松葉はそれをなかったことにしたかったのだろうか。なかったことにしたいなら、どうしてキスをねだったりするのか。それこそ、悪趣味な意趣返しだ。
嫌だった。こんな話はしたくない。惨めだ。
「中原、佐伯さんは」
不意に出てきた名前にカッとなって松葉を突き飛ばした。
どうして今、佐伯なんかの名前を出すのかわからない。惨めを痛感している今、俺が一番聞きたくない名前だった。古町はいい。だって、古町は俺が欲しくても手に入れられないものを持っていた。松葉の子どもを産める体だ。産めなくても、少なくとも俺より自然に繋がることができる。
それに古町となら結婚しても、松葉は俺とは飲んでくれると思った。だって親友だった。一番の友だちだったからだ。繋がれない体だけど、たまに同じ朝を迎えることくらいは許されると思っていた。
「中原」
松葉の声は嫌に落ち着いていた。
「佐伯さんは上司だ。

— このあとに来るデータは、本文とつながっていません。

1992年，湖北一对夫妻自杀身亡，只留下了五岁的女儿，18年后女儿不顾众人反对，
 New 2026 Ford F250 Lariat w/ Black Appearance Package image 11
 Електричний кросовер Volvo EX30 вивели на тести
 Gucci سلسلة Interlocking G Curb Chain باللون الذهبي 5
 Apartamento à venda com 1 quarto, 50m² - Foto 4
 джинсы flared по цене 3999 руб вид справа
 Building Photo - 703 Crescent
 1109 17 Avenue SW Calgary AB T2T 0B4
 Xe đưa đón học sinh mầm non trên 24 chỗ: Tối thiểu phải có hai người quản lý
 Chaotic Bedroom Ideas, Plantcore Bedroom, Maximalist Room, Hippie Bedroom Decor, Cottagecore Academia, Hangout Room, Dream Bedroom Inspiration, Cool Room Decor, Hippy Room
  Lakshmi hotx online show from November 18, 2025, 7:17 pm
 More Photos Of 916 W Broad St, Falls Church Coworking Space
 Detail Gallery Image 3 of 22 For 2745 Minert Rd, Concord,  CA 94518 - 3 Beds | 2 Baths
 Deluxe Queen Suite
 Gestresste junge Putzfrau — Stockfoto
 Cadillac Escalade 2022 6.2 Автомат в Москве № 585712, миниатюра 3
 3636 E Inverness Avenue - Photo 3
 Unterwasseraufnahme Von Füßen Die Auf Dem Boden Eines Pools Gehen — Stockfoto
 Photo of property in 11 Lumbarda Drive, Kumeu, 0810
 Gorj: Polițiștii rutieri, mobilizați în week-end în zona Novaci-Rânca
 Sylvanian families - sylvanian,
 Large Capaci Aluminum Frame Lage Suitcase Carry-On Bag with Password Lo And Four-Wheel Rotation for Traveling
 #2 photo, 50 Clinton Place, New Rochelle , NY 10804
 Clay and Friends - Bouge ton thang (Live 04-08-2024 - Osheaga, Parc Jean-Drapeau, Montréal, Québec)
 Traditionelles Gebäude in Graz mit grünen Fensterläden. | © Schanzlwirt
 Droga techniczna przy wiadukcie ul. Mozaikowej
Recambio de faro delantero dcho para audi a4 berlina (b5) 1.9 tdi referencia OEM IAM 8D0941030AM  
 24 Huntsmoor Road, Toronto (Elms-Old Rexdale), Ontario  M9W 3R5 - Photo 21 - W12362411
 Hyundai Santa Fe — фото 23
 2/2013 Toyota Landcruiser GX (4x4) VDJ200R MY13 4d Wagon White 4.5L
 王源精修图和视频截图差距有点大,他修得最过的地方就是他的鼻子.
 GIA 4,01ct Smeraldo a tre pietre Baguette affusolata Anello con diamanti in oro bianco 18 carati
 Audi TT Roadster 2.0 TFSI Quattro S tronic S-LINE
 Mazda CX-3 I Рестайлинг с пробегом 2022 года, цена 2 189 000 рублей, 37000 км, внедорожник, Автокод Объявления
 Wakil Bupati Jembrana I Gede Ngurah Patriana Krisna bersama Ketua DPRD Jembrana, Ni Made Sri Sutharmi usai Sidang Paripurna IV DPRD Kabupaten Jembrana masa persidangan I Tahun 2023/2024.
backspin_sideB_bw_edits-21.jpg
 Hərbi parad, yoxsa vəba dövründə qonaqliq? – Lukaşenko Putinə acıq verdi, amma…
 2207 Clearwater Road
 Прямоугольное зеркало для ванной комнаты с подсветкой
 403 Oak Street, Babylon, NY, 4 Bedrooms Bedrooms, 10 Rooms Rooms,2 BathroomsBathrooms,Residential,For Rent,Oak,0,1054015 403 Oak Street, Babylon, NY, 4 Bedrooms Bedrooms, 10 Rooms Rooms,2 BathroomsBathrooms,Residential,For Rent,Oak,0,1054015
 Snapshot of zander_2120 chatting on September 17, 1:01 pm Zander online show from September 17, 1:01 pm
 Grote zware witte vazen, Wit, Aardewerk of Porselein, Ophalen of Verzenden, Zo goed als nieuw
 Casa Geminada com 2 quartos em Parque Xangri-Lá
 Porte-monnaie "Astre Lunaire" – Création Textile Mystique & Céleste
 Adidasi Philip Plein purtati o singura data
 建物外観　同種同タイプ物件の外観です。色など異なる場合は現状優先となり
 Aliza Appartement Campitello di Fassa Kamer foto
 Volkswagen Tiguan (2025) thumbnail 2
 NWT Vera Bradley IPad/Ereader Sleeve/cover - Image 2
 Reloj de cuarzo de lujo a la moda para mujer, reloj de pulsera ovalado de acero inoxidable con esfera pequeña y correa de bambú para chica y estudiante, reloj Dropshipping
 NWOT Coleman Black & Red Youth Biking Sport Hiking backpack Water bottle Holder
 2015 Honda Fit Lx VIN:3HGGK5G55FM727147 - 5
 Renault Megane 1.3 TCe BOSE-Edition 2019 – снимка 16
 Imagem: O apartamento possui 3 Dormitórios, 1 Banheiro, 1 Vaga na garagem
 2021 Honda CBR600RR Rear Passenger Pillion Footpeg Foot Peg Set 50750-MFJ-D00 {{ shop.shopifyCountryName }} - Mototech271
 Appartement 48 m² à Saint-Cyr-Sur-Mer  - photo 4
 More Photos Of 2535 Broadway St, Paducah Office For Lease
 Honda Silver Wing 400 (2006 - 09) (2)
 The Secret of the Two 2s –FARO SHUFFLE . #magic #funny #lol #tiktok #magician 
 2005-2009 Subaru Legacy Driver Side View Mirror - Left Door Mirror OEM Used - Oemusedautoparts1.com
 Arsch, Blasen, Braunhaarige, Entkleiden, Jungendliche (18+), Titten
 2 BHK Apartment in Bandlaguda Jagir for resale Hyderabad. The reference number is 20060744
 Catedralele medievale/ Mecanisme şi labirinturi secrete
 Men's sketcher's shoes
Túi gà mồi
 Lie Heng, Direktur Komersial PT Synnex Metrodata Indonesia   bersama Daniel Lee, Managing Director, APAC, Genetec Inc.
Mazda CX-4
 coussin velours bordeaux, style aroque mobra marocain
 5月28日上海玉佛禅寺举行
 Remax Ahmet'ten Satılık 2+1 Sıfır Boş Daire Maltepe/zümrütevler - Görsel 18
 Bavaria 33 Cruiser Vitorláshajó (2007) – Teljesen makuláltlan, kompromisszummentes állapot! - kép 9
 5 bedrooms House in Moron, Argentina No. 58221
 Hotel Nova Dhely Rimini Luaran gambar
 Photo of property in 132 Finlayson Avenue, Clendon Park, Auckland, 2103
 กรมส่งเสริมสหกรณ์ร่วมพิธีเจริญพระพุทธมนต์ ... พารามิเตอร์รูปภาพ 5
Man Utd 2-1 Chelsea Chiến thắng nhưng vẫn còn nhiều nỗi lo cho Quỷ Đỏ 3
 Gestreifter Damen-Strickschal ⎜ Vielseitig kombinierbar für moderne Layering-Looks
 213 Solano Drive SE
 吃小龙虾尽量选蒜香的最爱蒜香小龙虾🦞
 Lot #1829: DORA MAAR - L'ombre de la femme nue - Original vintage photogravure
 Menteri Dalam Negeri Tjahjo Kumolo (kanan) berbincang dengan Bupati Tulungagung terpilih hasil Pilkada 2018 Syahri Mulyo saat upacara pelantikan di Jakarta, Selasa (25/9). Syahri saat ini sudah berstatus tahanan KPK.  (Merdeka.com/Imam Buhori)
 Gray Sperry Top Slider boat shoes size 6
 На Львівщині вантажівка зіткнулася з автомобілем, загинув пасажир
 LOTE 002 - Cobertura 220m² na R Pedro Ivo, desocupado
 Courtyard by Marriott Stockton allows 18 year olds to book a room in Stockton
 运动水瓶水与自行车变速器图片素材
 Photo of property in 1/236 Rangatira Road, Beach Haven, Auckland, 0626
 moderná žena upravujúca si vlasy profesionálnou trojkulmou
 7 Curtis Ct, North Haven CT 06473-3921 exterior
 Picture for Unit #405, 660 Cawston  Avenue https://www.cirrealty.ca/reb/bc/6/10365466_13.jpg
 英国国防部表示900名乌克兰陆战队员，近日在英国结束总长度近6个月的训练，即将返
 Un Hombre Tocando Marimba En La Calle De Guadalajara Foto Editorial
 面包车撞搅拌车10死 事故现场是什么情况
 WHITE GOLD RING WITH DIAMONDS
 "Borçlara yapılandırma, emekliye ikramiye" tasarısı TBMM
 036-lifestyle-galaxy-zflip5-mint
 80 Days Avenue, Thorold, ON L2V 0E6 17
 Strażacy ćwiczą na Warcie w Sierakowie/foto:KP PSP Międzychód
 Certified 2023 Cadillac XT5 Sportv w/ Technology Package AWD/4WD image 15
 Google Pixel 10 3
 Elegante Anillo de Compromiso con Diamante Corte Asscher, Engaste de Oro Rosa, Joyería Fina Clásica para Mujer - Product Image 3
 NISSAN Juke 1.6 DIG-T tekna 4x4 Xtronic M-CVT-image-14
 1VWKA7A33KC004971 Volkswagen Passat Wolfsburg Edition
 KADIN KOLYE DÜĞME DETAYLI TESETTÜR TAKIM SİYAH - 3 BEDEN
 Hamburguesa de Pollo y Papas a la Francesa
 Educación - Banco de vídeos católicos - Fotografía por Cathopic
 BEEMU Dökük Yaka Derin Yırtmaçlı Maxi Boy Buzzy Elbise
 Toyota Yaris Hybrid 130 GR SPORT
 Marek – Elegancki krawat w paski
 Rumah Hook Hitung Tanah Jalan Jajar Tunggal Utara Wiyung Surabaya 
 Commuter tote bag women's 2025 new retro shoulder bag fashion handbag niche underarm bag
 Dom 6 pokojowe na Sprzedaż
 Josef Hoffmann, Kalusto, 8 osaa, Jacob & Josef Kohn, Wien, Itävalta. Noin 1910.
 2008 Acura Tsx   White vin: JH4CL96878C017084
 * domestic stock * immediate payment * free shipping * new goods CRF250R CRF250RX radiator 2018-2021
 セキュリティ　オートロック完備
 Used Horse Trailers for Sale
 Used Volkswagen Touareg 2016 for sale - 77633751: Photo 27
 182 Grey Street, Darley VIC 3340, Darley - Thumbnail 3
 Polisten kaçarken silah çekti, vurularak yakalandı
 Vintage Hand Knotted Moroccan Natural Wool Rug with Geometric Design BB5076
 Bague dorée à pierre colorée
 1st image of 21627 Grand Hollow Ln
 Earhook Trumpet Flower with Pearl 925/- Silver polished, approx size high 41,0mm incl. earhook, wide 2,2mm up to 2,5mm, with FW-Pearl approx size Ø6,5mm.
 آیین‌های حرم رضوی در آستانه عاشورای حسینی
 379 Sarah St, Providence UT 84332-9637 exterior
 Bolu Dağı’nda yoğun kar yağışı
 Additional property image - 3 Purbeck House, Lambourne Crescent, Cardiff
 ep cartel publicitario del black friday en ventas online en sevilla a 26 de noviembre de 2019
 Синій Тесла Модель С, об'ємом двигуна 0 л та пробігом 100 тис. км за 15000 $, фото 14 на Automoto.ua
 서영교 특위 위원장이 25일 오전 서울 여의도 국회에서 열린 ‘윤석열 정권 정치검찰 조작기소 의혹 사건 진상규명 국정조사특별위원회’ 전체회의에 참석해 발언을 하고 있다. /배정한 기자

よくしてくれるから、無下にできなかった」
「ああ、俺のことはもうどうでもよかったんだろ。会社に入って、人間関係も変わったからな」
「違う。そうじゃない」
改めて言われなくても、松葉がそこまで薄情だとは思っていない。
ただ認めてしまうことが怖かった。底のない穴を見ているような気分になる。松葉がどうして、ここにいてくれるのかわからない。
「起きてから、ちゃんと考えた。今なら、少しだけだけどお前の思ってることがわかる気がする」
「わかりっこない」
虐待のせいで頭がおかしくなってやったと思いこんでいたくせに。俺の気持ちを無視して古町なんかを好きだと片付けようとしたくせに。
「ごめん」
俺の精一杯の拒絶を感じたからか松葉は謝った。
だけど、離れたりせず俺の手を握る。
「……俺は、今までずっとお前が隣りにいるだけで満たされていた。どうしてそんな気持ちになるのか考えもせず。お前にだけ甘えてきた」
松葉の指が俺の手の甲を撫でる。
優しい手つきだった。どうしようもなく、胸が締め付けられる。
「何にも気づこうとしなかった。俺が馬鹿だったんだ」
もう一度、ごめんと呟く。
まるで実感がない。夢の中の話に感じた。
それでも確かに触れられる松葉の手を握り返した。
「……着替え、持って来てやる」
震えそうになる声でそう伝えると肩に松葉の頭が乗った。